Oberst Rosselmini commanded the Kaiser Infantry Regiment # 1 from 1789 to 1794.[1] He led his regiment in Dagobert von Wurmser's Army of the Upper Rhine, fighting at Bad Bergzabern and Bienwaldmühle on 12 and 20 September. He also fought at the First Battle of Wissembourg on 13 October.[2] He won promotion to General-Major on 20 February 1794.[3] He held the noble title of Ritter.

During the Montenotte Campaign in April 1796, Rosselmini commanded a brigade in Johann Beaulieu's army.[4] At the end of March, his battalions lay in their winter quarters at Lodi, far from the front.[5] Consequently, he did not participate in any of the early battles. During the retreat behind the Po River, he covered the army's flank by initially moving along the south bank of the river. His command finally crossed to the north bank south of Pavia on 4 May.[6]

At the Battle of Lodi in May, Rosselmini led a 900-man covering force that held Lodi until Josef Vukassovich's rearguard passed safely. Just before mid-day, the French advance guard attacked Rosselmini and drove him back through the town. His infantry battalion joined Karl Sebottendorf's first line during the main action while his cavalry trotted back to support the second line.[7]

Before the Battle of Borghetto, Beaulieu assigned Rosselmini's brigade to join the defenders of the Mantua fortress. During the first part of the Siege of Mantua, Rosselmini held the citadel with 3,666 soldiers in five battalions. When the siege was briefly raised in early August, Wurmser reassigned him outside the fortress.

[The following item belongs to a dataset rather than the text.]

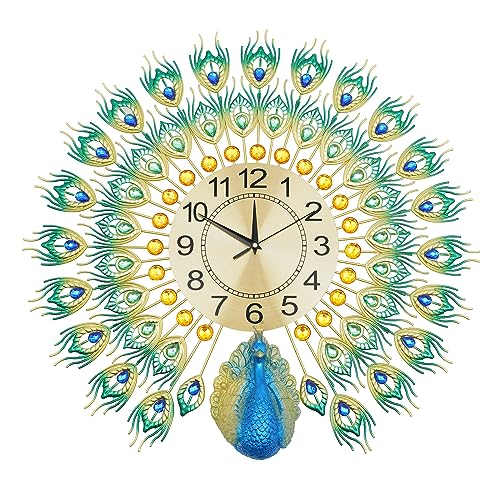 Queeucaer Großer Pfau Wanduhr,Pfauenuhr Wanduhr große Größe Wanduhren mit Metallzifferblatt, Nicht Tickende Leise Digitale Luxus Bunt Wohnkultur Aus Metall Wohnzimmer Kunst Deko,Bunt von Queeucaer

During the third relief of Mantua, Rosselmini commanded one of four brigades in Giovanni di Provera's Main Body. He died in Vicenza on 19 November 1796, or two days after the Battle of Arcole.[8] It is not known if he died from wounds suffered in the campaign or from another cause.

References[edit]

Books[edit]

External references[edit]

Footnotes[edit]

  1. ^ Millar, "Infantry Regiment Nr 1"
  2. ^ Wrede, p 122
  3. ^ Brentano, "Rosselmini"
  4. ^ Fiebeger, p 8
  5. ^ Boycott-Brown, p 168. The author spells the name Roselmini.
  6. ^ Boycott-Brown, p 288-292
  7. ^ Boycott-Brown, p 310-311
  8. ^ Smith-Kudrna, "Rosselmini"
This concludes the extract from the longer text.